* _Your instructions_:
Please give back, word for word, only the lines starting at the one containing "6 Saddle Tele" and ending at the one containing "Rundbecken-Set Steinoptik 460 x 120 cm" within the material below.

* _Materials provided_:
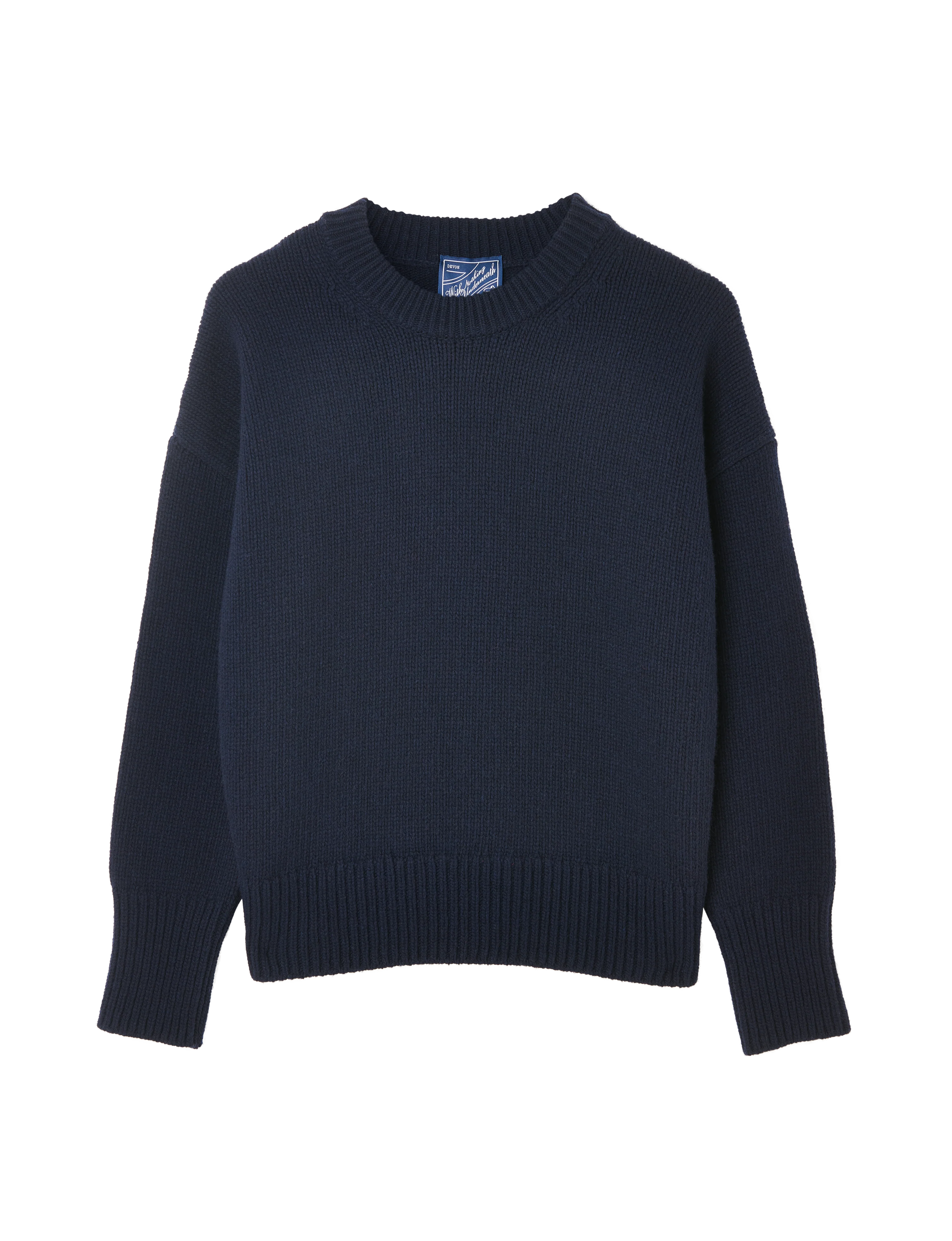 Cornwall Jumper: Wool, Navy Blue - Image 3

--

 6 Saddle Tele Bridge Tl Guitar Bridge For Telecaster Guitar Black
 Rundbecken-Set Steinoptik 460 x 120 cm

--

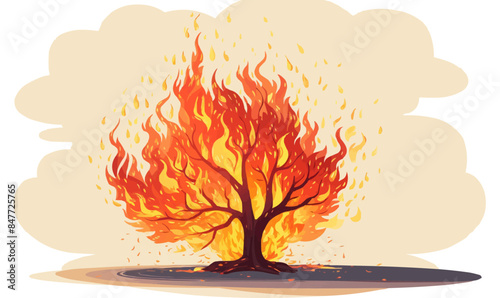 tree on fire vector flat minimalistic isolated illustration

* _Solution_:
 6 Saddle Tele Bridge Tl Guitar Bridge For Telecaster Guitar Black
 Rundbecken-Set Steinoptik 460 x 120 cm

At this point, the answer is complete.